# Load_data/metadata generator
Written by Fernanda Fossa @fefossa

Python 3.9.12

**Description**: This notebook generates a CSV file to be used by CellProfiler module LoadData, using a list of the images to be analyzed locally.

**1. Inputs**: it requires the following inputs:

- Path to the input folder (where images are located) = Make sure to have only the images that will be analyzed in this folder.

- project_name = this is the name of your bigger project.

- subproject = this is the name of each subproject inside project_name folder. You can have different subprojects within one project. 

- Channels dictionary = Dictionary with Channel as a key and the name you want to give as a Value. Example: 'DAPI':'OrigDNA'. DAPI is the channel (written in the image name), and OrigDNA is the name we want to give to this image in CellProfiler. We have three options already available to choose from (Cell Painting, Live Cell Painting, ToxPath panels); if yours is different, please provide a new dictionary. 

**Outputs**: 

1. **load_data.csv** that we use with Illumination Correction pipelines. 

    To extract these informations, we are using a regex adapted to files from Cytation 5 microscope (B10_02_1_10_GFP_001.tif), where the location of the Well, Site and Channel is known. If you have images from different microscope, with a different pattern, you'd need to **change the regex**. 

    - FileName_CHANNEL = CHANNEL as the value you provided in the dictionary. It will extract the names of the images from the input folder. 

    - PathName_CHANNEL = containing a specific path to AWS (which will be used later in the virtual machines). To change that you would need to modify the images_dir variable.

    - Metadata_Well and Metadata_Site = both are extracted from the image filename. 

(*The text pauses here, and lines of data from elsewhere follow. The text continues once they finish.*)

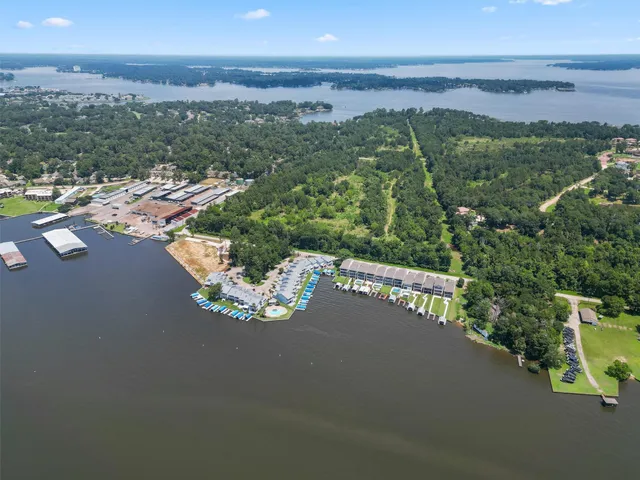 $2,000 | 905 Franconia Drive, Conroe, TX 77316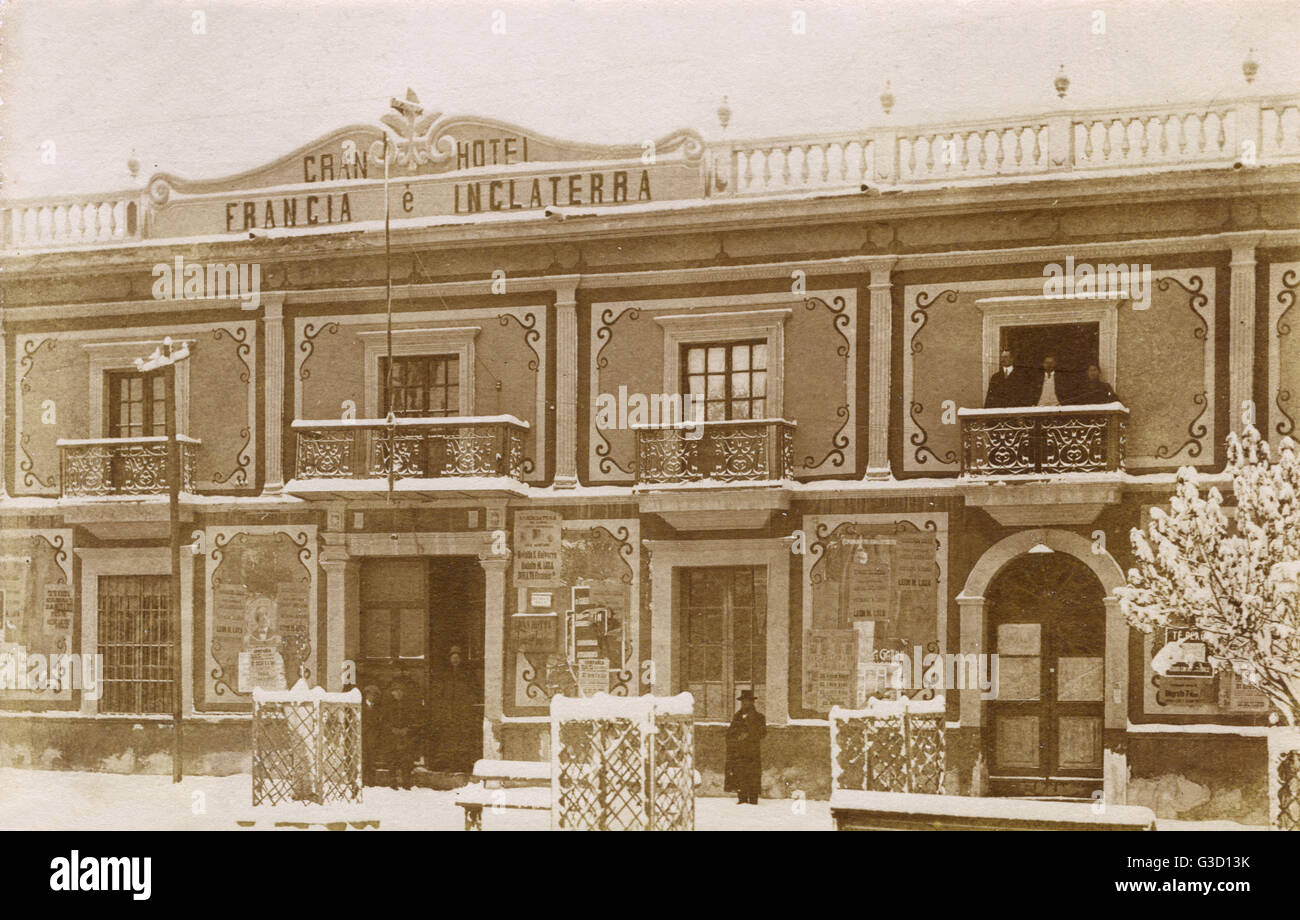 Gran Hotel Francia e Inglaterra in the main city square of Oruro, Bolivia, South America, during a period of cold weather, with snow in evidence.      Date: circa 1910 Stock Photo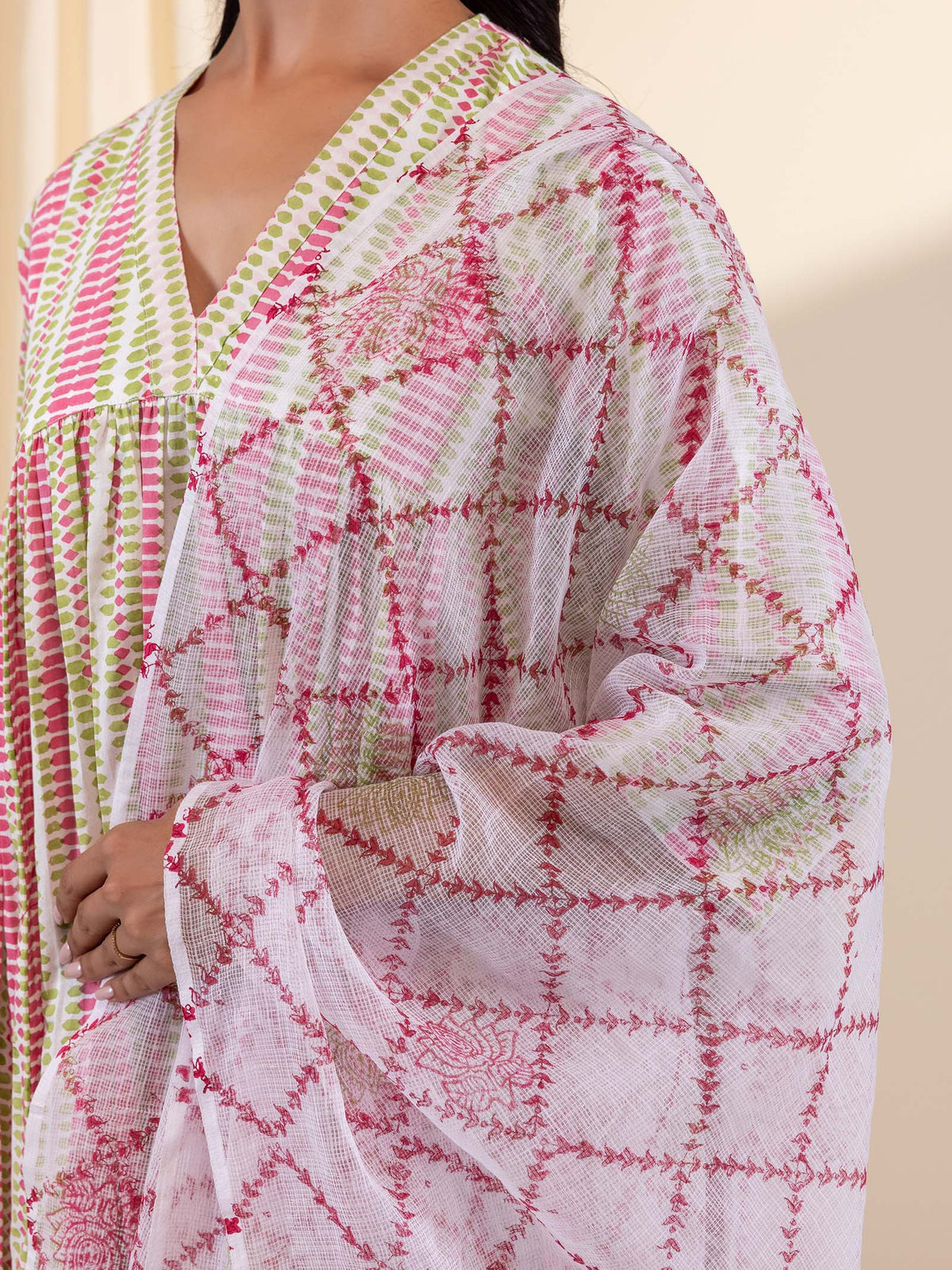 Railway Track Kota Dupatta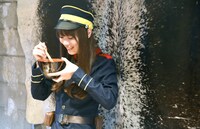 ユクオハウを食べる内田理央。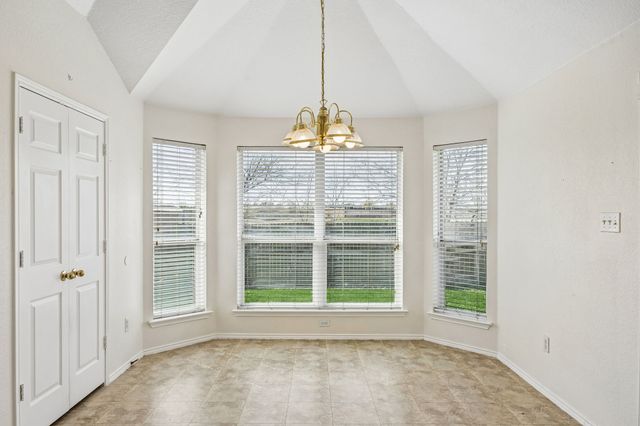 1914 Lennox Lane, Arlington, TX 76018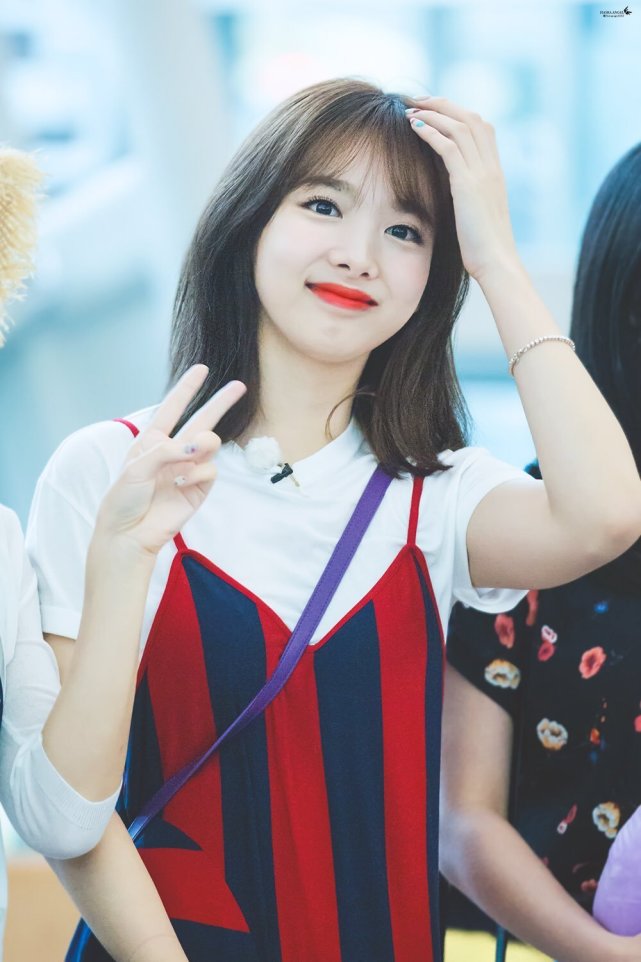 twice林娜琏分享一组超甜的兔牙壁纸头像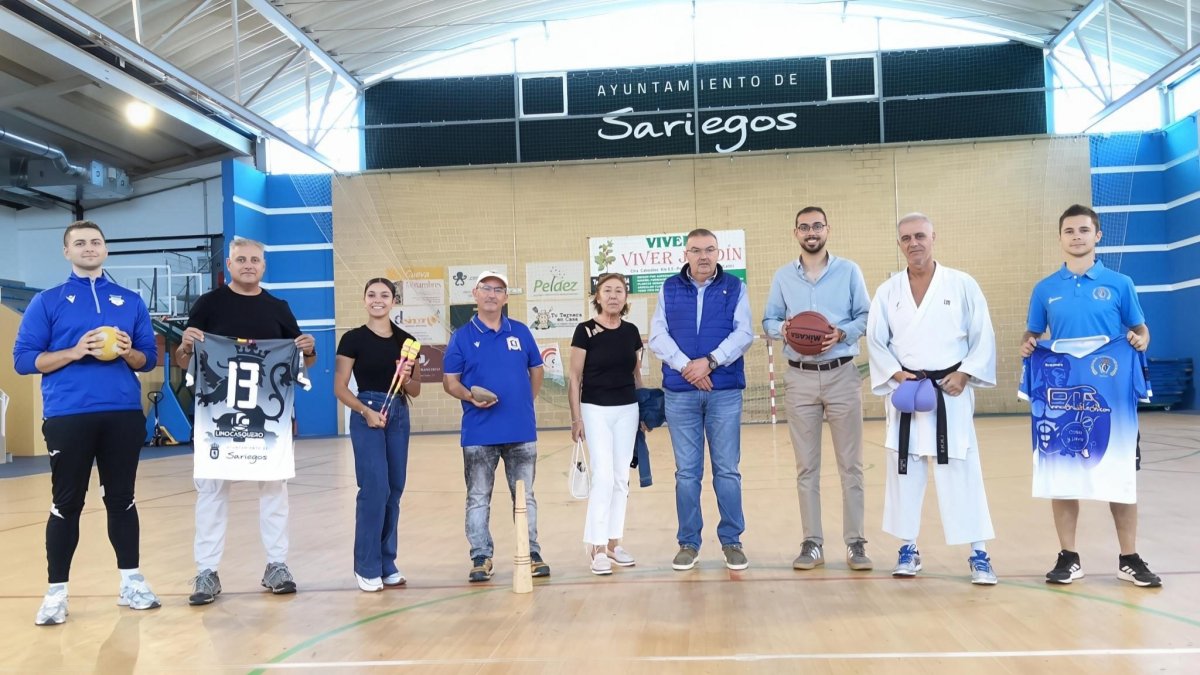 Encuentro de Roberto Aller con los responsables de los diferentes deportes.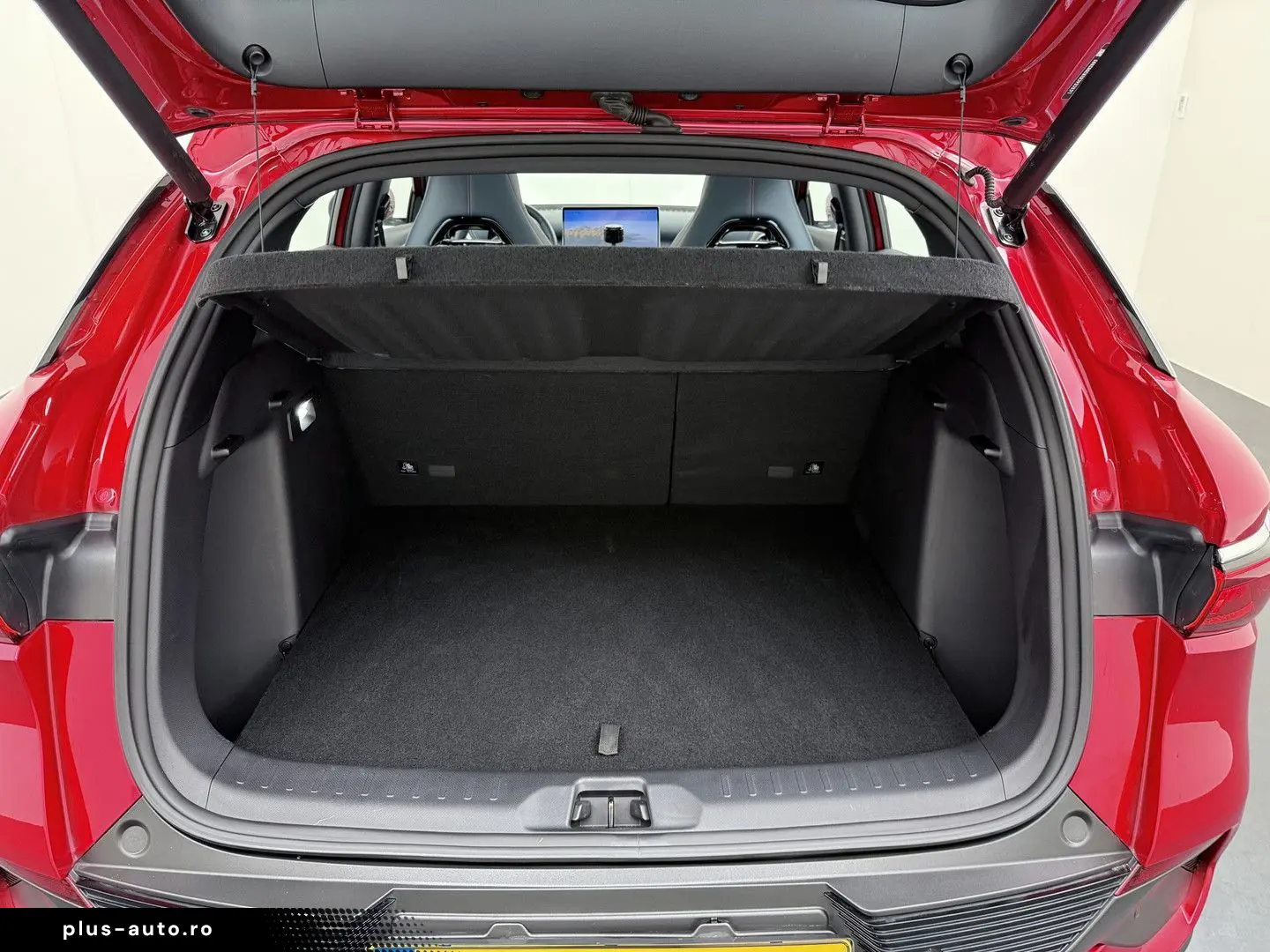 ATTO 3 62kWh Design SOH 98% panorama dach Leer E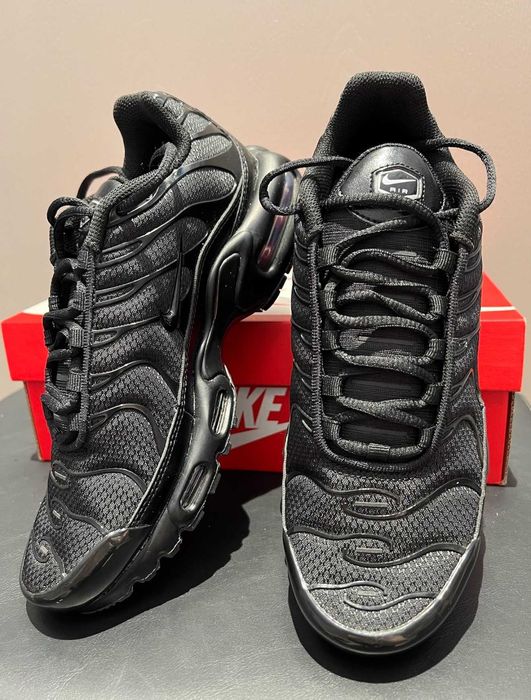 Buty damskie Trampk Nike Air Max TN Plus Black R.39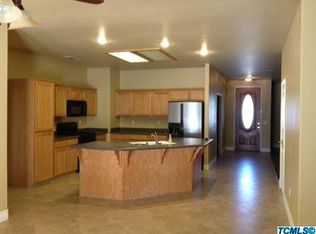 818 W Packwood Ct, Visalia, CA 93277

    - Metadata_Plate = usually the name of the plate is the name of the FOLDER where the images are located with. Notice that we also have a regex for the plate name. We replace any spaces with "_" because AWS does not handle spaces well.

2. **load_data_with_illum.csv** that we use for analysis pipelines after Illum Correction was performed. 

    The columns are the same as above, with two additional columns per channel:

    - FileName_IllumCHANNEL = the name of the Illum Correction file (the name pattern is "PlateName_IllumCHANNEL.npy")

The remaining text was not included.